#### Your task
Once the line containing "微壓富氧艙 抗衰老 氧出未來(lái)美好生活" is found in the data below, repeat it and every later line exactly, leaving the pictures out.

━━━━━━

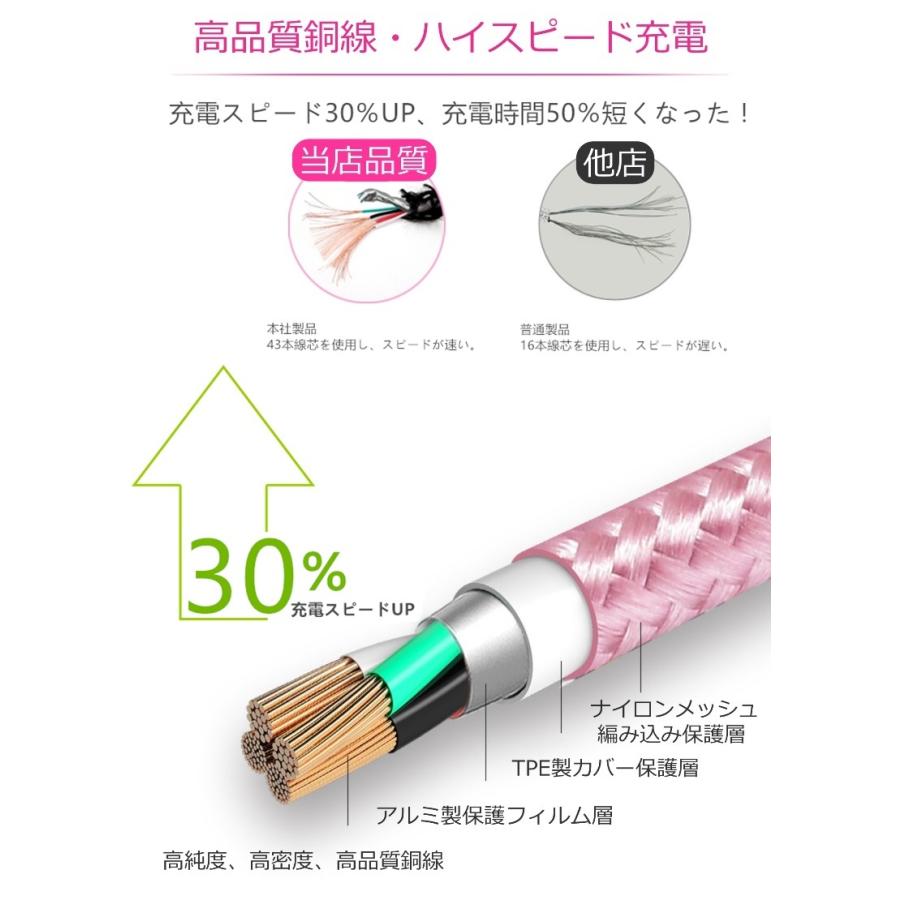 iphone充電器 アイフォン（14シリーズまで）ケーブル 2本セット 充電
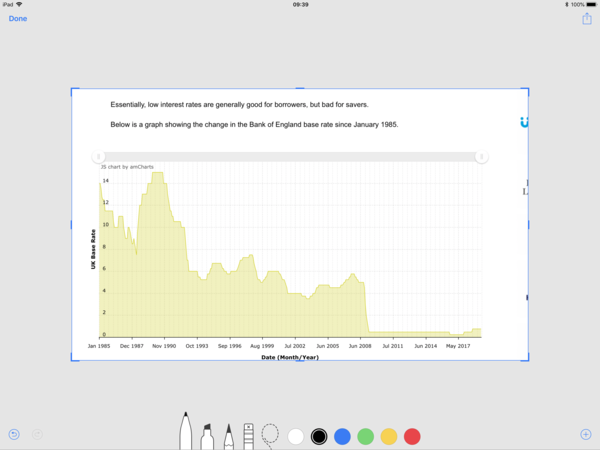 To feel scared about a house price crash?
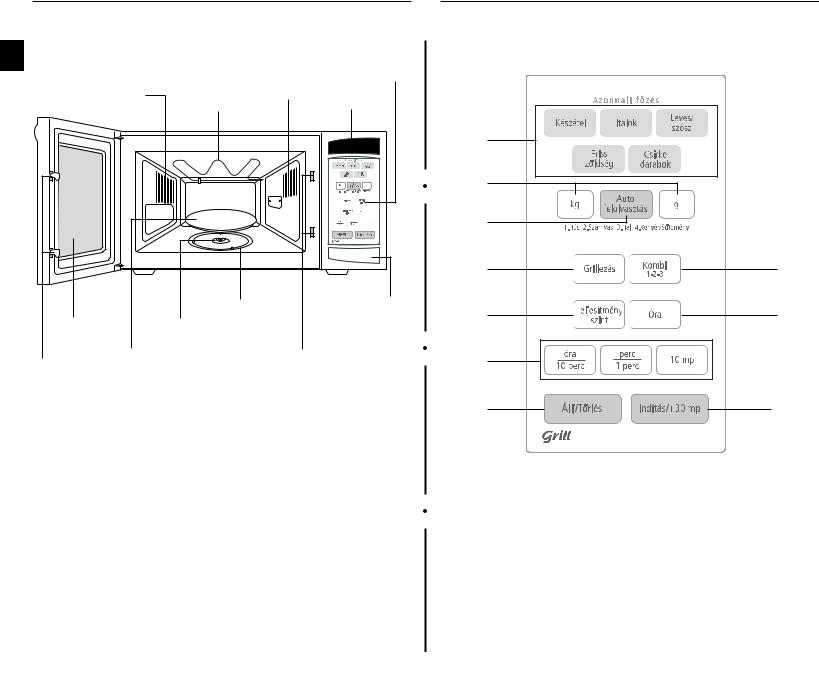 Samsung CE2944N, CE2944NT User Manual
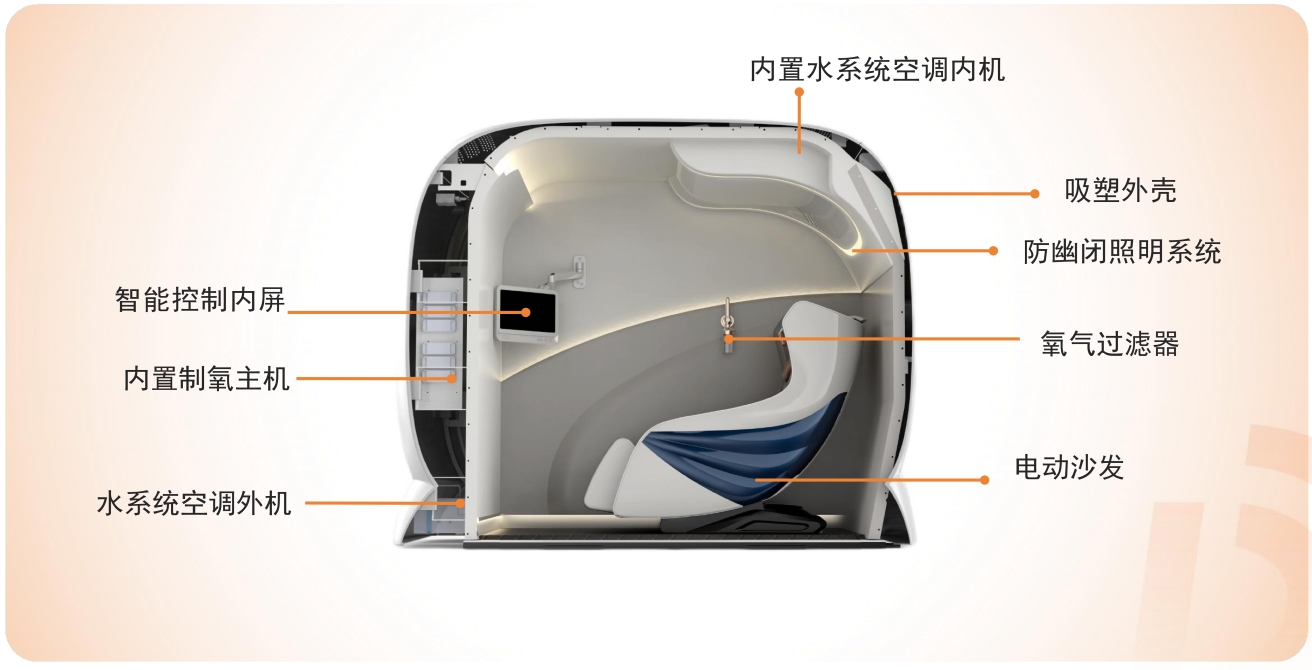 微壓富氧艙 抗衰老 氧出未來(lái)美好生活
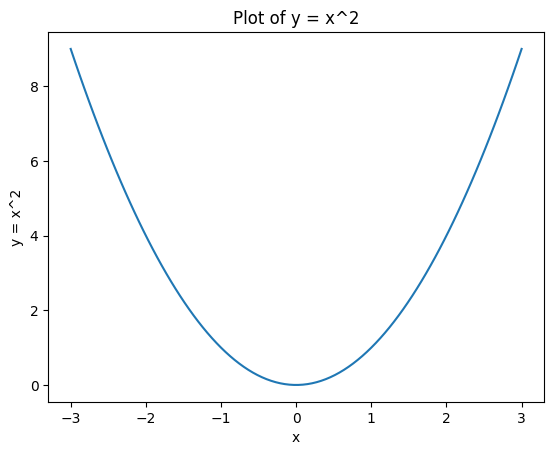 <Figure size 640x480 with 1 Axes>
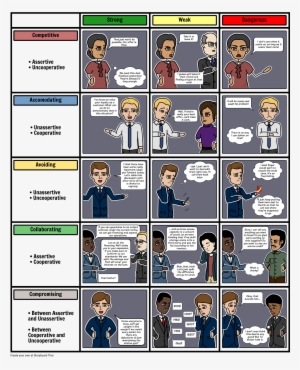 Negotiation Styles Chart - Storyboard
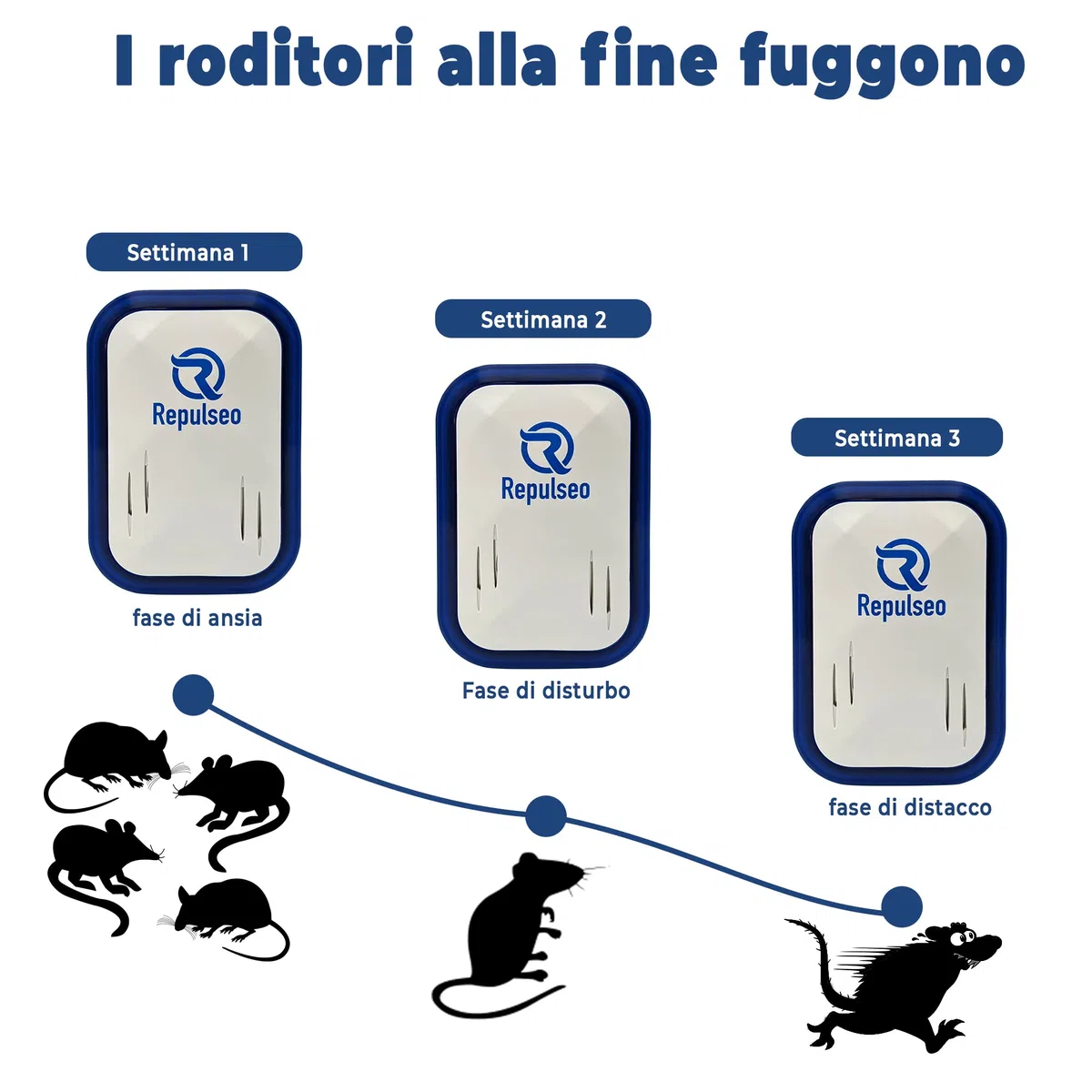 Repellente a Ultrasuoni per Topi e Ratti, Anti-Topo, Anti-Ratto, Dispositivo a Ultrasuoni anti-roditore, Alternativa efficace a Trappole e Topicida, Non tossico ed Economico, x2 [Garanzia]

━━━━━━

#### Exercise output
 微壓富氧艙 抗衰老 氧出未來(lái)美好生活
 <Figure size 640x480 with 1 Axes>
 Negotiation Styles Chart - Storyboard
 Repellente a Ultrasuoni per Topi e Ratti, Anti-Topo, Anti-Ratto, Dispositivo a Ultrasuoni anti-roditore, Alternativa efficace a Trappole e Topicida, Non tossico ed Economico, x2 [Garanzia]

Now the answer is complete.